Cela était un bref aperçu des théories que j'ai échafaudées hier soir à la Scatola, petite boîte de vacance à Port-Camargue, où nous avons passé une soirée délicieusement banale. J'adore les boîtes au soleil : elles réconfortent mon esprit de contradiction. Quand il pleut dehors, on trouve n'importe qui dans les boîtes. Alors que, par beau temps, seuls les fêtards authentiques sont assez fous pour se laisser enfermer. C.Q.F.D.
Ce n'est pas la seule raison de mon goût pour les night-clubs de vacances. Outre l'argument financier (au prix de la bouteille, on peut se payer un bar pour soi tout seul), il y a aussi cette évidence : toutes les filles sont belles quand elles sont bronzées. Surtout les boudins. Si j'étais une femme moche, je m'installerais sur la Côte d'Azur et j'irais me fondre dans les discothèques de plein air.
Hier soir, je n'ai vu que des canons à la Scatola. Quelles beautés ! Je n'aime rien tant que cette envie de partir avec une inconnue, qui me saisit dans ces instants-là, et à laquelle je ne succombe jamais. Cette frustration me comble. Je suis un aventurier veule, un romantique mou, un Roméo dégonflé, un capitulard flottant, un déserteur peureux. Je n'aime que les faux départs.
Une chose me turlupine : à quoi rêvent ces jolies filles assises entre un barbu vendeur de tee-shirts et un motard mongolien ? Comment acceptent-elles de frayer, d'effrayer et de défrayer avec cette lie ? Comme je refuse de croire qu'elles puissent être bêtes (une fille bête n'est jamais jolie), je suis contraint de m'interroger : AURAIENT-ELLES PERDU TOUT ESPOIR ?

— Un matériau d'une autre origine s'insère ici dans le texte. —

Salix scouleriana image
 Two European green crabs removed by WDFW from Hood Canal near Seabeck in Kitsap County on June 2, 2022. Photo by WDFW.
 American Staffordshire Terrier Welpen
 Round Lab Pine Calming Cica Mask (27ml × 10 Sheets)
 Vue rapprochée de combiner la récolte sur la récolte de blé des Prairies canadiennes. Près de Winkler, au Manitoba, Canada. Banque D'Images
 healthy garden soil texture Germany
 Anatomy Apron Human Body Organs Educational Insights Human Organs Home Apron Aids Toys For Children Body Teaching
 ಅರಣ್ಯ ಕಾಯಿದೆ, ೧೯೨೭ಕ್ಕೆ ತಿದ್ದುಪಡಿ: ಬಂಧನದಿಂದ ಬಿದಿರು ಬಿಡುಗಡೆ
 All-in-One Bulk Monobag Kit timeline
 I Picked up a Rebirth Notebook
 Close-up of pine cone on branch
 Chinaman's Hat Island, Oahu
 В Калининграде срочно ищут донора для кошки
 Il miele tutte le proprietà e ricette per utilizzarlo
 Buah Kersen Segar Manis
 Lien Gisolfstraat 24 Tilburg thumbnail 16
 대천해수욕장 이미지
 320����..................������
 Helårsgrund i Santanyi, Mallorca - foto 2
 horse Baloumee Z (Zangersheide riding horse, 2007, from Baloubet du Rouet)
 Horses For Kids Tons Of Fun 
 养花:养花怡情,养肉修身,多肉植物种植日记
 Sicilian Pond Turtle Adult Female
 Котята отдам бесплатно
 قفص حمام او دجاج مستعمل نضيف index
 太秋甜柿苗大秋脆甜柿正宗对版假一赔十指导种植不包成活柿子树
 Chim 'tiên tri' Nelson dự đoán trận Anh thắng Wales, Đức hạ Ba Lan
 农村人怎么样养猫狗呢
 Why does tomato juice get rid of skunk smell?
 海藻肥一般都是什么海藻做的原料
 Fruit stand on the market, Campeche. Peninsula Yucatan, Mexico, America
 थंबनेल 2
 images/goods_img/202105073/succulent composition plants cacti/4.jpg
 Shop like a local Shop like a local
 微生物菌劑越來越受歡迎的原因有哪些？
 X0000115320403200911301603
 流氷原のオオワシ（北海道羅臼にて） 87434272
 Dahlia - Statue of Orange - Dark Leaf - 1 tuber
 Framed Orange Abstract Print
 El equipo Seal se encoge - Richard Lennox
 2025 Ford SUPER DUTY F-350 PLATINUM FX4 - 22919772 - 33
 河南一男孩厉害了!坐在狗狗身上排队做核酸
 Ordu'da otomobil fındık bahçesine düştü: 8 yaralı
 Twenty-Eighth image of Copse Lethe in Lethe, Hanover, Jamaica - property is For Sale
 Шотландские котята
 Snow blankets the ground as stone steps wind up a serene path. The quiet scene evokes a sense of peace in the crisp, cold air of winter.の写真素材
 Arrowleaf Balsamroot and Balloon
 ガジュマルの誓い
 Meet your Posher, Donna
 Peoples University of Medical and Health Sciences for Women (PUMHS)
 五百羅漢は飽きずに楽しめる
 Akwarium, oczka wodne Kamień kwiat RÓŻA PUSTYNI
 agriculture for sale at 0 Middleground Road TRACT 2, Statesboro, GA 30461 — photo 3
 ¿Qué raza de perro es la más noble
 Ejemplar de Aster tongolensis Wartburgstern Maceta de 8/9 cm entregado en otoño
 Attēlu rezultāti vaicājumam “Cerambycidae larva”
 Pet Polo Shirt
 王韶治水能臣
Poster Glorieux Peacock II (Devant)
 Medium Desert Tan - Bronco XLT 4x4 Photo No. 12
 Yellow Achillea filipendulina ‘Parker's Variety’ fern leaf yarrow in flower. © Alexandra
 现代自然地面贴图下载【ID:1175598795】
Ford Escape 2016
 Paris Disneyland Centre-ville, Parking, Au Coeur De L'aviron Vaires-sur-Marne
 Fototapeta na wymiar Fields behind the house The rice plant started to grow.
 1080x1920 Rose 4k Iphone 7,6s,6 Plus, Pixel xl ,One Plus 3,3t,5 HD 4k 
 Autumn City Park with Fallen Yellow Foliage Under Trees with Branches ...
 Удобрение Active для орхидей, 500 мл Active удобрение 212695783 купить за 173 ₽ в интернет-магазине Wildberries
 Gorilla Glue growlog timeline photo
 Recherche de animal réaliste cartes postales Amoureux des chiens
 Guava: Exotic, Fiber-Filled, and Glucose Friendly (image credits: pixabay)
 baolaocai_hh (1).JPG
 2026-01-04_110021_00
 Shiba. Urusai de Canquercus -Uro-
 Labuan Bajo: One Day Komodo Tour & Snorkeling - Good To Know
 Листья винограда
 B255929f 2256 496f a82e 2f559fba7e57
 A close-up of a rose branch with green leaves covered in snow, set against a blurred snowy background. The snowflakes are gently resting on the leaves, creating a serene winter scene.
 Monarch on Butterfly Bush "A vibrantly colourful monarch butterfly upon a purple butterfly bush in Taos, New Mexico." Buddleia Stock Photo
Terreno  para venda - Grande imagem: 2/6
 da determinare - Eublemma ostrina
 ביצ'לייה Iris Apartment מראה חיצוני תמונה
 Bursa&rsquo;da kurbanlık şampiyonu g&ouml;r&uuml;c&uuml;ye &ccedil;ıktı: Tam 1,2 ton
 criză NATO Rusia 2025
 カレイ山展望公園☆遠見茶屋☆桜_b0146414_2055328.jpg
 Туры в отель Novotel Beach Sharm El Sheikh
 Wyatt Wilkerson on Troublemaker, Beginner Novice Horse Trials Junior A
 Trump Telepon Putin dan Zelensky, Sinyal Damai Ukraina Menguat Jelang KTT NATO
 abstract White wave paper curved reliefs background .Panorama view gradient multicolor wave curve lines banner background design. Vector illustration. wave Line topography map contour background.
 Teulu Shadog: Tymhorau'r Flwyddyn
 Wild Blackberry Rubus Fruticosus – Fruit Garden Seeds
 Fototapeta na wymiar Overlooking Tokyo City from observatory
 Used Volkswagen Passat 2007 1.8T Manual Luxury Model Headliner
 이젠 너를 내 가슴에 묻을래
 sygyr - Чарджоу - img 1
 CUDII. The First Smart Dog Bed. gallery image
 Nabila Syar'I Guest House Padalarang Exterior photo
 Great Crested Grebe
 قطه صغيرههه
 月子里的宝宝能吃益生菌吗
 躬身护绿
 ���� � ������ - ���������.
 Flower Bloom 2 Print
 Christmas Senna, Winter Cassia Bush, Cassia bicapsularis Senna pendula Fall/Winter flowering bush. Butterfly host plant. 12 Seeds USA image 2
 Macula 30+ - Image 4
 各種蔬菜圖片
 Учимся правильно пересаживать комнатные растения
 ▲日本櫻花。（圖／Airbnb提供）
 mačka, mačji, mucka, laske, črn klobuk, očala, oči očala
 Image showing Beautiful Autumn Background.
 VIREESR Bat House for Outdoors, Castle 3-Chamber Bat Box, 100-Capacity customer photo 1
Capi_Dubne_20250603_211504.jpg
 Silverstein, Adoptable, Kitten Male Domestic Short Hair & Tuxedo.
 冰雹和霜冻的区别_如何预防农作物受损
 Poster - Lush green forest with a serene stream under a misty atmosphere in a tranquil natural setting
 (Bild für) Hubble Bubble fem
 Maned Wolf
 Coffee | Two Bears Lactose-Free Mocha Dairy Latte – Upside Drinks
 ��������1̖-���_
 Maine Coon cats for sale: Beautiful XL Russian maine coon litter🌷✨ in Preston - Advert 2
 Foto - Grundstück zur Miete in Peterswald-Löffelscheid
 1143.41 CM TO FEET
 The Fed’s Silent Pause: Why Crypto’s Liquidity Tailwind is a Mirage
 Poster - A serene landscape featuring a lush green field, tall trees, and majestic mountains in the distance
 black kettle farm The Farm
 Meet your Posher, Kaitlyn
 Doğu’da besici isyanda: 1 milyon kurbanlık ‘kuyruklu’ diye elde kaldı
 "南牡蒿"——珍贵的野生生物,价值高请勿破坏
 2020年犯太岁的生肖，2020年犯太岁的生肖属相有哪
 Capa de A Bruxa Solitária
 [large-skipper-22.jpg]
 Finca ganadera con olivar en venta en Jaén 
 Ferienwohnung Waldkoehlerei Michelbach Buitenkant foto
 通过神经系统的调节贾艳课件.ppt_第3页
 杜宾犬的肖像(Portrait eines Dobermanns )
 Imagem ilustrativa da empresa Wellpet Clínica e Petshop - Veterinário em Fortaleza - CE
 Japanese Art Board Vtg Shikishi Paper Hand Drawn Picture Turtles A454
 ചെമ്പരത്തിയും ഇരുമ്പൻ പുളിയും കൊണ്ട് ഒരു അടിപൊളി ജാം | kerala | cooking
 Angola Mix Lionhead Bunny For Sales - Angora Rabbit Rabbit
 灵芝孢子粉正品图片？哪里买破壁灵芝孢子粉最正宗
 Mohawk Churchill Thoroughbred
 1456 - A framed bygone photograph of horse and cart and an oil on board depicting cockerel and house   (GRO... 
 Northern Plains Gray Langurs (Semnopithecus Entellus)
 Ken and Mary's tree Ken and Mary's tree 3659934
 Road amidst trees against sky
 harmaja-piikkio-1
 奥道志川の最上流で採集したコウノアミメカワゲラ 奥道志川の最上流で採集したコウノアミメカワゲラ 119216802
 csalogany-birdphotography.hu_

Je n'aime pas danser, parce que je ne sais pas. Les filles savent, instinctivement. Leurs cheveux voltigent, leurs bras ondulent, leurs paupières battent. Leurs bottines sont lacées, leurs robes sont à balconnets, leurs collants sont opaques. Elles me tuent. J'ai perdu mes lunettes et ma myopie me rend optimiste. Le flou est plus qu'artistique, il me fait ressusciter d'entre les vivants. Pas besoin de champignons hallucinogènes, il suffit de perdre ses lunettes pour voir la vie en rose.
Et puis Anne me rejoint, coupant ces conjectures d'un verre de gin-tonic. Rien à faire, elle les éclipse toutes. Elle porte une robe en lin couleur saumon. Je retourne en enfance, timidement, il y a des parties de pelote basque, une odeur de sel, les horaires des marées, une kermesse devant le fronton, les caramels au café de la Venta, les hortensias de la place Paul-Jean-Toulet, le gondron noir sous les espadrilles blanches... Je reviendrai toujours au Pays basque comme la pelote à la chistera. Un jour, j'emmènerai Anne à Guéthary.